The world’s biggest hedge fund manager recorded net inflows of $3.7 billion for the quarter, based on sales of $9.0 billion and redemptions of $5.3 billion, according to a company statement.
Man’s recently launched open-ended onshore AHL fund in Japan now manages $2.3 billion.
The first quarter results seemed to validate Man’s $1.6 billion acquisition of GLG in 2010—the group says revenue synergies from the acquisition include $1.0 billion from an emerging markets currency product in Japan and $400 million from the first guaranteed product blend, the Man IP 220 GLG.
Challenging market conditions reduced the value of Man’s funds by $1.1 billion during the quarter and its flagship computer-driven AHL fund was down 0.6% in the period, and 12% from peak on a weighted average basis.
Among the GLG funds, Man says European long/short and European distressed styles had positive performance in the period and global macro and other long/short strategies were negative.
Said Man CEO Peter Clarke:
“We are pleased to be reporting strong net inflows from investors over the last quarter.
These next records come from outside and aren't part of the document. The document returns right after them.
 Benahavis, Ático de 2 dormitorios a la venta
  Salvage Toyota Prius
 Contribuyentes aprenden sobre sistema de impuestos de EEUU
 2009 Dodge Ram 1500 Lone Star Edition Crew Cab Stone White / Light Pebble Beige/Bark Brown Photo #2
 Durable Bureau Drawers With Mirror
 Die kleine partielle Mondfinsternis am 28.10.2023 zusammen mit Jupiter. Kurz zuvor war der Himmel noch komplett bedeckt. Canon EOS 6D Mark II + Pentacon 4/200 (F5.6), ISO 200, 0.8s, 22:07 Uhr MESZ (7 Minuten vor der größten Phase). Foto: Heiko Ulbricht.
Following the successful integration of GLG at the end of 2010, we are seeing revenue synergies building, with investor flows into AHL, GLG strategies, and combination products.
“Current markets are creating challenging performance conditions for most asset classes, and our assumption is that investor sentiment will remain patchy over the summer months. The combination of our broad range of liquid investment styles, ability to craft portfolio solutions for investors, and the wide geography of our franchise, is a key advantage in these markets."
Man’s assets have returned to 2008 levels, after having slipped below $40 billion last year.